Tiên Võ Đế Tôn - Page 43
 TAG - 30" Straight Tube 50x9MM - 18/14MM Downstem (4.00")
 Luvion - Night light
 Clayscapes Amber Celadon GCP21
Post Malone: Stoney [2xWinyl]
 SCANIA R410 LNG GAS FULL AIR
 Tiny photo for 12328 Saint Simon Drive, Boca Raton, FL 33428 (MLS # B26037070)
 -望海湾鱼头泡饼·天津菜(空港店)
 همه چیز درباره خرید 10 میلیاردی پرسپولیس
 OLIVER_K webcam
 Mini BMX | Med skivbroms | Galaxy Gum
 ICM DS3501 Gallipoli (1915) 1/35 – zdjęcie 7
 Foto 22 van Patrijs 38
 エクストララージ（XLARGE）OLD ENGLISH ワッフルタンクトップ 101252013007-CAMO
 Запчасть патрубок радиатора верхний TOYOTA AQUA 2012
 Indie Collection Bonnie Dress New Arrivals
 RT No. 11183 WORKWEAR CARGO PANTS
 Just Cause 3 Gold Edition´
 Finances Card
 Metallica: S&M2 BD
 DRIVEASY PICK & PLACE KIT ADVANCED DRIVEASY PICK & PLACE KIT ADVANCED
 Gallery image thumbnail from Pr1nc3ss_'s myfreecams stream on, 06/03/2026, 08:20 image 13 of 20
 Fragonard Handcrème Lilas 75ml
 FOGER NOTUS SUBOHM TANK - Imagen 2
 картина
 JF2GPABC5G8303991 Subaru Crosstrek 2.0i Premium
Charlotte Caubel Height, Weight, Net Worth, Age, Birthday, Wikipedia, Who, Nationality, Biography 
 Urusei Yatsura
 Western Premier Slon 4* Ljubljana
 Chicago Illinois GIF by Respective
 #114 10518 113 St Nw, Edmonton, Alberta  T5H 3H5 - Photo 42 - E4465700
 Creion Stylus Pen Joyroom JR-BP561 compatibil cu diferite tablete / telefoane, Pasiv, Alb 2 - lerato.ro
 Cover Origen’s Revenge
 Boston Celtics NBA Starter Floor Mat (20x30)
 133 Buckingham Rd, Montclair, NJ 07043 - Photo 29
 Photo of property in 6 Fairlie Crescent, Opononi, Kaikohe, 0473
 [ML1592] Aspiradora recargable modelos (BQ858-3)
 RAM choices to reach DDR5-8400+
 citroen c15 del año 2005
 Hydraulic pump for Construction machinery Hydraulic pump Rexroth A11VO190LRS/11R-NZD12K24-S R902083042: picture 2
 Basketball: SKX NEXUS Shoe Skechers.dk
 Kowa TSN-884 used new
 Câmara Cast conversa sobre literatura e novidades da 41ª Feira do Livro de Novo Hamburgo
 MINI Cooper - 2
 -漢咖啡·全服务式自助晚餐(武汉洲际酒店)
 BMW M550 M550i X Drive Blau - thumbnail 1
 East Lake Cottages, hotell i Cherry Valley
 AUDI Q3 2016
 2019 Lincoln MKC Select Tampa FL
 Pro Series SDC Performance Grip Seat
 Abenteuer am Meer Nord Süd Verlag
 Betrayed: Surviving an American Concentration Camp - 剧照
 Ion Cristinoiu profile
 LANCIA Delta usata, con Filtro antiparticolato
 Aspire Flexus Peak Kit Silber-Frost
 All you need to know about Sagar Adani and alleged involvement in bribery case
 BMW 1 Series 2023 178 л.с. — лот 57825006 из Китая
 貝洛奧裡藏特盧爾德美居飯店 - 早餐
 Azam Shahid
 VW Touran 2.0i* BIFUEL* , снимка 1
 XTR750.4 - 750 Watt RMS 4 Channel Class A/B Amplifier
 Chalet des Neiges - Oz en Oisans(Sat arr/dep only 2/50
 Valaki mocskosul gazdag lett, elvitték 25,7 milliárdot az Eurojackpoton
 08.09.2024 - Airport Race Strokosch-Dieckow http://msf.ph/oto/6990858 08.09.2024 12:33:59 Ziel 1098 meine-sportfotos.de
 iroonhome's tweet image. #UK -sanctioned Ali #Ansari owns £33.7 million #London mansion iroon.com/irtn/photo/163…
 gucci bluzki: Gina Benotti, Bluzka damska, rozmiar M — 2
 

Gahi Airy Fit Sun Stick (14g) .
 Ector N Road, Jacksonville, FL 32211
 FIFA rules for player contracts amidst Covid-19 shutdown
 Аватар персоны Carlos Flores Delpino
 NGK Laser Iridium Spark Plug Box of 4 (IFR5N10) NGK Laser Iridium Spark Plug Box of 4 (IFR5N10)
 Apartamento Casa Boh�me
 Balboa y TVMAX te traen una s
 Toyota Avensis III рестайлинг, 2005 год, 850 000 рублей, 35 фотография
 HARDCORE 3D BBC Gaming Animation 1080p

++++

PROMPT
Locate the line that contains "Apartamento Casa Boh�me", then please quote it and every line after it to the end of the entries above, exactly and with nothing else.

RESPONSE FOR THIS EXERCISE
 Apartamento Casa Boh�me
 Balboa y TVMAX te traen una s
 Toyota Avensis III рестайлинг, 2005 год, 850 000 рублей, 35 фотография
 HARDCORE 3D BBC Gaming Animation 1080p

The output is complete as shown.